DATA Block Start

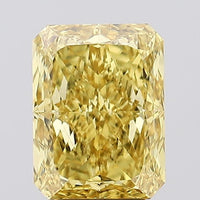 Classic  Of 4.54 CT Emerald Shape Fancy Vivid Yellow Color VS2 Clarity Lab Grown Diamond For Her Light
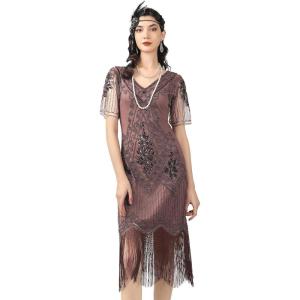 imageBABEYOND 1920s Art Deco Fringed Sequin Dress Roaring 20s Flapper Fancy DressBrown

DATA Block End
DATA Block Start

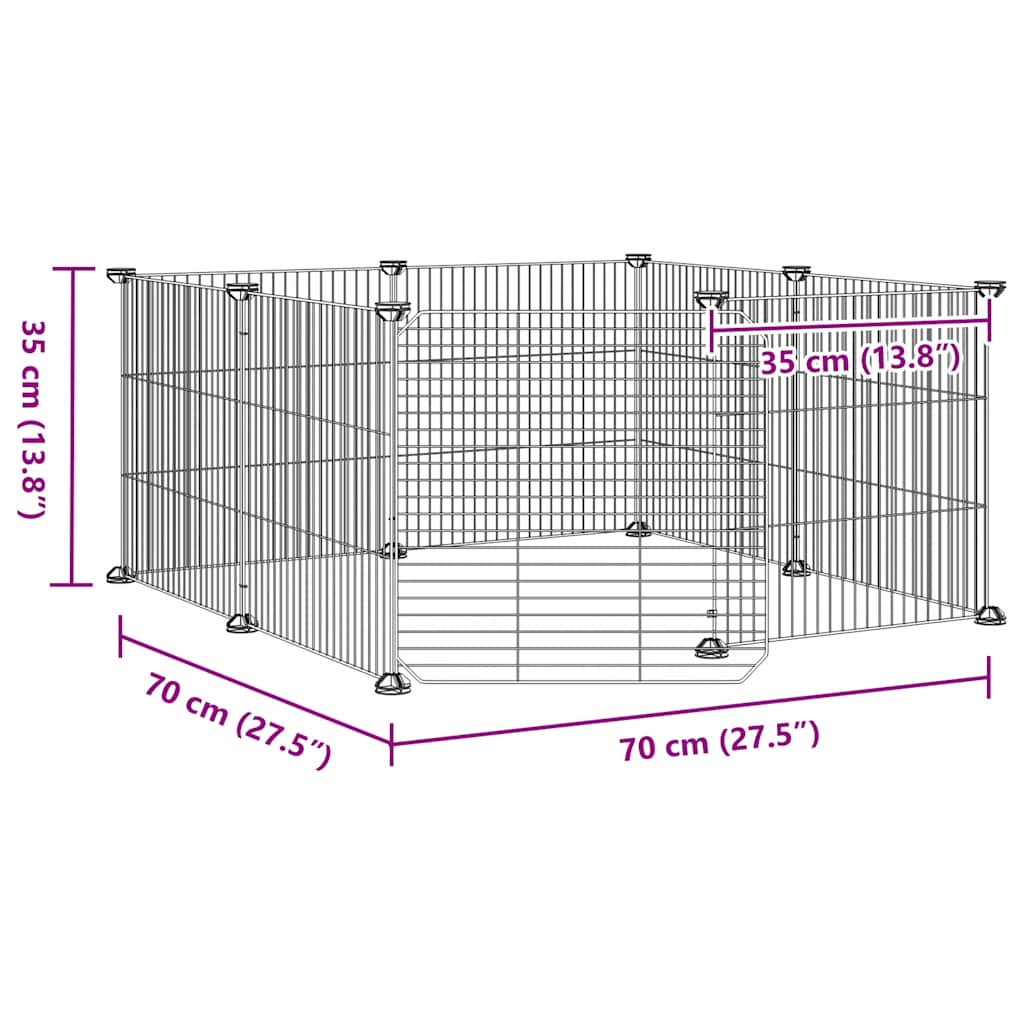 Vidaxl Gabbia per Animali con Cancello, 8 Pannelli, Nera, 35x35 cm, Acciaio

DATA Block End

» EXERCISE REQUIREMENTS: Beginning with the line that contains "For Her Light", write out the lines of the material above exactly, and end with the line that contains "imageBABEYOND 1920s Art". Omit the pictures.

» WORKED SOLUTION:
 Classic  Of 4.54 CT Emerald Shape Fancy Vivid Yellow Color VS2 Clarity Lab Grown Diamond For Her Light
 imageBABEYOND 1920s Art Deco Fringed Sequin Dress Roaring 20s Flapper Fancy DressBrown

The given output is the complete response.